======== Records provided
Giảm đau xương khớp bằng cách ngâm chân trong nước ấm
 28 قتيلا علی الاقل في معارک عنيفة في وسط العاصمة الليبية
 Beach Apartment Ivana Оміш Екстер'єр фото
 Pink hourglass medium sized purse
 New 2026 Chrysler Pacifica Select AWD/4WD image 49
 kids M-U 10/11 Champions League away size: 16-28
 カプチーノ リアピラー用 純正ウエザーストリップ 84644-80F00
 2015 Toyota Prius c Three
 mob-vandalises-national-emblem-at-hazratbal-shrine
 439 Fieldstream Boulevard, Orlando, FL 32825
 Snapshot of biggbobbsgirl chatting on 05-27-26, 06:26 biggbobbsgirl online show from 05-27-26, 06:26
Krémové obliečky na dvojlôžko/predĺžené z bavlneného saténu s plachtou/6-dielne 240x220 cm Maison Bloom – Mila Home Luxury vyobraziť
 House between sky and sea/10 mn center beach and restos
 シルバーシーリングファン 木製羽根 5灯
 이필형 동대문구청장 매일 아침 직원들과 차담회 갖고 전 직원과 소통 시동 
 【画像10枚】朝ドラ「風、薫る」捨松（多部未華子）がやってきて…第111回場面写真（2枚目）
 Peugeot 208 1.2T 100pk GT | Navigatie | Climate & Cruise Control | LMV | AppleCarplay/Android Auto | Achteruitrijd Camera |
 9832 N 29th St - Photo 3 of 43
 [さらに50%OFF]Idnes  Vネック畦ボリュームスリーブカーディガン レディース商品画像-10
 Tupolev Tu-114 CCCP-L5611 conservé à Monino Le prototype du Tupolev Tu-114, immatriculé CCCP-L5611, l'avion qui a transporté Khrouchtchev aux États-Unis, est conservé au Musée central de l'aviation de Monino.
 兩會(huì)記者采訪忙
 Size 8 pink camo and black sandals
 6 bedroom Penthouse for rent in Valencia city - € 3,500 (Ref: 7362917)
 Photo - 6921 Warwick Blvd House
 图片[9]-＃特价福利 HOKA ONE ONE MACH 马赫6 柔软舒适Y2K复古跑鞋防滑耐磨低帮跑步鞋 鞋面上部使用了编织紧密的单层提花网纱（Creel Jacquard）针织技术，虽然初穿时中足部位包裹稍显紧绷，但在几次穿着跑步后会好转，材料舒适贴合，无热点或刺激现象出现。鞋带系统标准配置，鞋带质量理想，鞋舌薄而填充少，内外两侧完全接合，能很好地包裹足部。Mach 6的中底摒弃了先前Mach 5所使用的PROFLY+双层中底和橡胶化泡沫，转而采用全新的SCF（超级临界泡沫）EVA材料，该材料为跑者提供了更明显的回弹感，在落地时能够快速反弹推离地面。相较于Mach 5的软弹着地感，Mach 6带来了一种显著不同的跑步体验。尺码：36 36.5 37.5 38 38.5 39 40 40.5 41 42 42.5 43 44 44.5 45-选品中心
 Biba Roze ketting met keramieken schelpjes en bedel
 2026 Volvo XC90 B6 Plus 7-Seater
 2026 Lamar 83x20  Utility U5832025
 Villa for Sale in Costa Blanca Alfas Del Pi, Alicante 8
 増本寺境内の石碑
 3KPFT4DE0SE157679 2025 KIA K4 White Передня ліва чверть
================
**Activity**
Set the data down again in full, exactly as given.

**Solution to the problem**
Giảm đau xương khớp bằng cách ngâm chân trong nước ấm
 28 قتيلا علی الاقل في معارک عنيفة في وسط العاصمة الليبية
 Beach Apartment Ivana Оміш Екстер'єр фото
 Pink hourglass medium sized purse
 New 2026 Chrysler Pacifica Select AWD/4WD image 49
 kids M-U 10/11 Champions League away size: 16-28
 カプチーノ リアピラー用 純正ウエザーストリップ 84644-80F00
 2015 Toyota Prius c Three
 mob-vandalises-national-emblem-at-hazratbal-shrine
 439 Fieldstream Boulevard, Orlando, FL 32825
 Snapshot of biggbobbsgirl chatting on 05-27-26, 06:26 biggbobbsgirl online show from 05-27-26, 06:26
Krémové obliečky na dvojlôžko/predĺžené z bavlneného saténu s plachtou/6-dielne 240x220 cm Maison Bloom – Mila Home Luxury vyobraziť
 House between sky and sea/10 mn center beach and restos
 シルバーシーリングファン 木製羽根 5灯
 이필형 동대문구청장 매일 아침 직원들과 차담회 갖고 전 직원과 소통 시동 
 【画像10枚】朝ドラ「風、薫る」捨松（多部未華子）がやってきて…第111回場面写真（2枚目）
 Peugeot 208 1.2T 100pk GT | Navigatie | Climate & Cruise Control | LMV | AppleCarplay/Android Auto | Achteruitrijd Camera |
 9832 N 29th St - Photo 3 of 43
 [さらに50%OFF]Idnes  Vネック畦ボリュームスリーブカーディガン レディース商品画像-10
 Tupolev Tu-114 CCCP-L5611 conservé à Monino Le prototype du Tupolev Tu-114, immatriculé CCCP-L5611, l'avion qui a transporté Khrouchtchev aux États-Unis, est conservé au Musée central de l'aviation de Monino.
 兩會(huì)記者采訪忙
 Size 8 pink camo and black sandals
 6 bedroom Penthouse for rent in Valencia city - € 3,500 (Ref: 7362917)
 Photo - 6921 Warwick Blvd House
 图片[9]-＃特价福利 HOKA ONE ONE MACH 马赫6 柔软舒适Y2K复古跑鞋防滑耐磨低帮跑步鞋 鞋面上部使用了编织紧密的单层提花网纱（Creel Jacquard）针织技术，虽然初穿时中足部位包裹稍显紧绷，但在几次穿着跑步后会好转，材料舒适贴合，无热点或刺激现象出现。鞋带系统标准配置，鞋带质量理想，鞋舌薄而填充少，内外两侧完全接合，能很好地包裹足部。Mach 6的中底摒弃了先前Mach 5所使用的PROFLY+双层中底和橡胶化泡沫，转而采用全新的SCF（超级临界泡沫）EVA材料，该材料为跑者提供了更明显的回弹感，在落地时能够快速反弹推离地面。相较于Mach 5的软弹着地感，Mach 6带来了一种显著不同的跑步体验。尺码：36 36.5 37.5 38 38.5 39 40 40.5 41 42 42.5 43 44 44.5 45-选品中心
 Biba Roze ketting met keramieken schelpjes en bedel
 2026 Volvo XC90 B6 Plus 7-Seater
 2026 Lamar 83x20  Utility U5832025
 Villa for Sale in Costa Blanca Alfas Del Pi, Alicante 8
 増本寺境内の石碑
 3KPFT4DE0SE157679 2025 KIA K4 White Передня ліва чверть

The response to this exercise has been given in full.